Zum Verhängnis wurde Eventus, dass die Zuständigen für die Testzentren-Homepages einen eigenen Wordpress-Inhaltstypus "registration" für Schnelltest-Registrierungen anlegten und als Schnittstelle (API) verfügbar machten. Darauf bildeten sie Terminbuchungen und Testzertifikate ab. Die API-Zugriffsmöglichkeit dafür war entgegen üblicher Gepflogenheiten aktiviert, sodass alle Registrierungen auch darüber von außen abrufbar waren. Die Tüftler fanden dabei in der abgefragten Liste sämtliche Abrufcodes für Ergebnisse und die damit verknüpften persönlichen Informationen.

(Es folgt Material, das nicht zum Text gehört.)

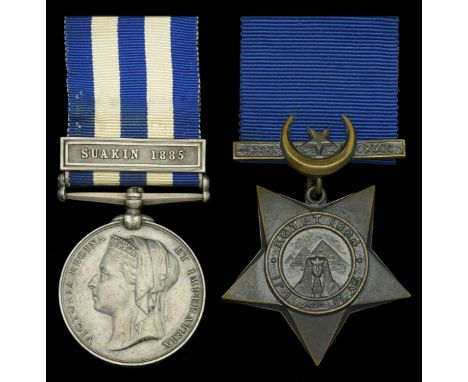 Pair: Surgeon M. O’C. Drury, Army Medical Department  Egypt and Sudan 1882-89, undated reverse, 1 clasp, Suakin 1885 (Surgn.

"Das ist in etwa so, als würde man sich einen Safe einbauen lassen, aber den Code dann direkt daneben legen", kritisieren die Experten die laxen Sicherheitsvorkehrungen. Die zehnstelligen Zeichenfolgen hätten sich auf der Testergebnisabfrage-Seite eingeben und die Resultate dann zusammen mit einem informationsreicheren PDF für eine gegenüber Dritten vorzeigbaren Bescheinigung herunterladen lassen. Zudem habe es kein Limit gegeben, wie viele Ergebnisse in einem definierten Zeitraum abrufbar gewesen seien. Eine solche Grenze hätte die Hürde für Angreifer etwas erhöht.

Um möglichst schnell die abrufbaren sensiblen Gesundheitsdaten zu schützen und die Lücke zu schließen, schlugen die Forscher beim Bundesamt für Sicherheit in der Informationstechnik (BSI) Alarm. Dieses habe das Problem anonymisiert an Eventus weitergeleitet. Die Firma habe das Leck noch am selben Tag abgedichtet. Zusätzlich führte sie am nächsten Tag ein weiteres Feld zur Abfrage zusätzlicher Angaben beim Abruf eines Testergebnisses ein. Codes, die vor Mittwoch erstellt worden waren, setzte das Unternehmen zurück und schickte den Betroffenen neue Zugangsdaten.

Ein Eventus-Sprecher räumte gegenüber ARD-Sendern ein, dass man die Testcenter einschließlich der damit verbundenen Datenverarbeitungssysteme "mit großer Eile hochgezogen" habe. Dabei sei zwar eine Zusammenarbeit mit "versierten IT-Spezialisten" erfolgt, um den "die größtmögliche Sicherheit gewährleisten zu können". Die Firma entschuldigte sich dafür, "dass Hacker trotzdem auf einen Teil der Daten zugreifen konnten".

Zerforschung zufolge waren bis zum Freitagvormittag der Gruppe bekannte Kunden noch nicht über die Panne informiert worden. Um solche Vorfälle künftig zu vermeiden, sollten die Datenschutzbehörden "empfindliche Strafen verhängen". Der Schutz von Gesundheitsdaten dürfe auch in einer Pandemielage nicht auf die leichte Schulter genommen werden, schnelle Handlungsfähigkeit dürfe keine Ausrede sein. Unternehmen müssten ihrer Sorgfaltspflicht vor dem Start eines digitalen Angebots nachkommen.